## DESCRIPTION OF THE TASK
For the records below, print the lines from the line with "Let's Go Brandon" through the line with "1997 Kenner Newborn" exactly as written; include both end lines and exclude the rest.

==== GIVEN DATA

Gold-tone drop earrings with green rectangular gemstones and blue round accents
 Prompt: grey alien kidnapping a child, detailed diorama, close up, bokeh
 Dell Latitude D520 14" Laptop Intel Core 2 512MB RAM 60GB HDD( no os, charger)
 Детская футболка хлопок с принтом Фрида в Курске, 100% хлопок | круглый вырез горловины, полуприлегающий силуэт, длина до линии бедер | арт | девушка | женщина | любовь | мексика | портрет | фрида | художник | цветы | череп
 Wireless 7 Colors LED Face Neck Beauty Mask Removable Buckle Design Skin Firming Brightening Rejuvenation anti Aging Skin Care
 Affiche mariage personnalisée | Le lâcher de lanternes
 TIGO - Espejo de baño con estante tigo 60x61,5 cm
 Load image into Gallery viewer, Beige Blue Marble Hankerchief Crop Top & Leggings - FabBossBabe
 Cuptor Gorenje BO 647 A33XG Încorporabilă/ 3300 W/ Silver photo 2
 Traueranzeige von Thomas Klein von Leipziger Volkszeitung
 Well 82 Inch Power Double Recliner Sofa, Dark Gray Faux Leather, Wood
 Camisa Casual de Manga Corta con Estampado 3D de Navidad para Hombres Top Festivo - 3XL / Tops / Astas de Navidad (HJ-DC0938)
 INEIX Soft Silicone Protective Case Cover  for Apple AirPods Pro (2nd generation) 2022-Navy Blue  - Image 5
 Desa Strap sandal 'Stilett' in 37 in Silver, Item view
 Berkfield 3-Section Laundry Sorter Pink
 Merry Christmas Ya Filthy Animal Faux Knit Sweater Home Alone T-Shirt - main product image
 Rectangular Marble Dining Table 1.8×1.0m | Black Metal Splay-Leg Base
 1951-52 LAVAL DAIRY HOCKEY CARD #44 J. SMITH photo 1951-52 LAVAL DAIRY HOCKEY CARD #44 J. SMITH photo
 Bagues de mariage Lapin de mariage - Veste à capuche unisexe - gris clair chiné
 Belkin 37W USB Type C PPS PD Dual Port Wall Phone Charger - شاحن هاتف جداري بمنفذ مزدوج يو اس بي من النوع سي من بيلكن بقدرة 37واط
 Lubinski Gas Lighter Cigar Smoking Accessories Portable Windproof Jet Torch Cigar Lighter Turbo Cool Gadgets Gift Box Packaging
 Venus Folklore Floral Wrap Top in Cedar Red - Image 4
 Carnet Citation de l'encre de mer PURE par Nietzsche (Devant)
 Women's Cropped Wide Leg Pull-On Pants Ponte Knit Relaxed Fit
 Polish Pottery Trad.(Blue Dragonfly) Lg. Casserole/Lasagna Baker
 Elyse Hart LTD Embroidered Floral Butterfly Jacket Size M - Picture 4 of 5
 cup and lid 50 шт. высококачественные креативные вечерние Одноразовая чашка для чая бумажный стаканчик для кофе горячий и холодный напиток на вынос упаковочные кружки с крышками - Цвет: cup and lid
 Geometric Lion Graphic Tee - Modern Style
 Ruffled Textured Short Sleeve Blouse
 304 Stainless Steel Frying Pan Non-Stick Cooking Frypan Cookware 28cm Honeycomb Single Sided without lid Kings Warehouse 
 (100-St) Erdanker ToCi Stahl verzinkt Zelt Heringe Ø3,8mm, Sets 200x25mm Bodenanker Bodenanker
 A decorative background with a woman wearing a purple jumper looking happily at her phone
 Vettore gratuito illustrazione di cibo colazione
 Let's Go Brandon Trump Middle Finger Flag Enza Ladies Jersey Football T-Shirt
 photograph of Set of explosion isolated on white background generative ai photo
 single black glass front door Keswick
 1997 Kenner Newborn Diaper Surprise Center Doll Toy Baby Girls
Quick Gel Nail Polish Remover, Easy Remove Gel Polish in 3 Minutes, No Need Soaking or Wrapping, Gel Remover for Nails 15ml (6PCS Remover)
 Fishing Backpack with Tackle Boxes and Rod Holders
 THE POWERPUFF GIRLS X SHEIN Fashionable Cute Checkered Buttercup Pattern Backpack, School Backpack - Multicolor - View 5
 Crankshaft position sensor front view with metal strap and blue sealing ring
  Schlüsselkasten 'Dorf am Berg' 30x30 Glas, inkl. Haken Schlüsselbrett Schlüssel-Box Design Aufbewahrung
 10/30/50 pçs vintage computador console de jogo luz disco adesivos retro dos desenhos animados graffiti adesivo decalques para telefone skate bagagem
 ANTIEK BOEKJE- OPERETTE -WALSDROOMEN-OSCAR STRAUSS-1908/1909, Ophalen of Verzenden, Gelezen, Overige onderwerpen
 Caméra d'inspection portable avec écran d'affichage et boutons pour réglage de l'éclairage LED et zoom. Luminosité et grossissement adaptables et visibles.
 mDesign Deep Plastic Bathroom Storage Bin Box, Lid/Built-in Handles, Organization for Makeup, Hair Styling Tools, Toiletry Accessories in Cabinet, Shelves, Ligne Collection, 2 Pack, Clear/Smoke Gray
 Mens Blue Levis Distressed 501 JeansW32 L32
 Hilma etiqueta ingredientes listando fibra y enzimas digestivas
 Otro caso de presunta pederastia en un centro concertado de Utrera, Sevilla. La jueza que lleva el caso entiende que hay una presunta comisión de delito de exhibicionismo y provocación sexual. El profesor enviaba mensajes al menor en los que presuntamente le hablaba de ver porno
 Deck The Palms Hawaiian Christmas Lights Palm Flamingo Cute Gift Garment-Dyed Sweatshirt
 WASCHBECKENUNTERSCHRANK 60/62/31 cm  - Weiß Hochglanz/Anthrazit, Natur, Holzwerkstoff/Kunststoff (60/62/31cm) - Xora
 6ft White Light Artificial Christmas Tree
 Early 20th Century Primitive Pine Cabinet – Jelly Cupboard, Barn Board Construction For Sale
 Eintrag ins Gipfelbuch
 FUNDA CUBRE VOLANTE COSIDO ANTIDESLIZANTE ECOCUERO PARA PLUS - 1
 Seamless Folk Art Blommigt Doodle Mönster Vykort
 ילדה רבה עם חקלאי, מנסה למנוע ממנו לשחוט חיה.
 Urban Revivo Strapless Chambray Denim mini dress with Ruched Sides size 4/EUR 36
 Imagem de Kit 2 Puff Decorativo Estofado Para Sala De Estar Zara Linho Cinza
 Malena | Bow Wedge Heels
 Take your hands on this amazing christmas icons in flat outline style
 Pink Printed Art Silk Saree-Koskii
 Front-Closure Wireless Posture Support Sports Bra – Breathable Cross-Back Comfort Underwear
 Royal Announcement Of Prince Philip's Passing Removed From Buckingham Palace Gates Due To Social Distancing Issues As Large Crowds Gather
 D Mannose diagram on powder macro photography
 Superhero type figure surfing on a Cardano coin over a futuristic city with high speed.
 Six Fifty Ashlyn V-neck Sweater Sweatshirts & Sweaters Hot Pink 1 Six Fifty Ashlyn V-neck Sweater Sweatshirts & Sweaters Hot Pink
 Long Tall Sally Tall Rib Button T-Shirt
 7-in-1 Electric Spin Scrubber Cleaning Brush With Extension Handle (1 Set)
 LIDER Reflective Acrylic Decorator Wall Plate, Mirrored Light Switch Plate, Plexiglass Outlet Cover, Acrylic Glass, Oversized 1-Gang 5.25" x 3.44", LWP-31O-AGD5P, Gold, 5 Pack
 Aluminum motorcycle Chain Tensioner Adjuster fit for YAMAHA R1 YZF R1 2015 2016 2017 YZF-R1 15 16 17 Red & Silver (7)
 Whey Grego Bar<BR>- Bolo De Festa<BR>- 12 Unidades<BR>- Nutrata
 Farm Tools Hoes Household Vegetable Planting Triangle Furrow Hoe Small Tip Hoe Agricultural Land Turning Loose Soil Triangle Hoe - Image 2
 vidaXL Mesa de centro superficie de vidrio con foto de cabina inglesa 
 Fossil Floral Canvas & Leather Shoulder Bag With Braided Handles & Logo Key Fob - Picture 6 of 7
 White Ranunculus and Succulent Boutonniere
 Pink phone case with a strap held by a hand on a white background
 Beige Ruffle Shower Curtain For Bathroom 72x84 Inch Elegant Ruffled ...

========

## COMPLETED EXERCISE
 Let's Go Brandon Trump Middle Finger Flag Enza Ladies Jersey Football T-Shirt
 photograph of Set of explosion isolated on white background generative ai photo
 single black glass front door Keswick
 1997 Kenner Newborn Diaper Surprise Center Doll Toy Baby Girls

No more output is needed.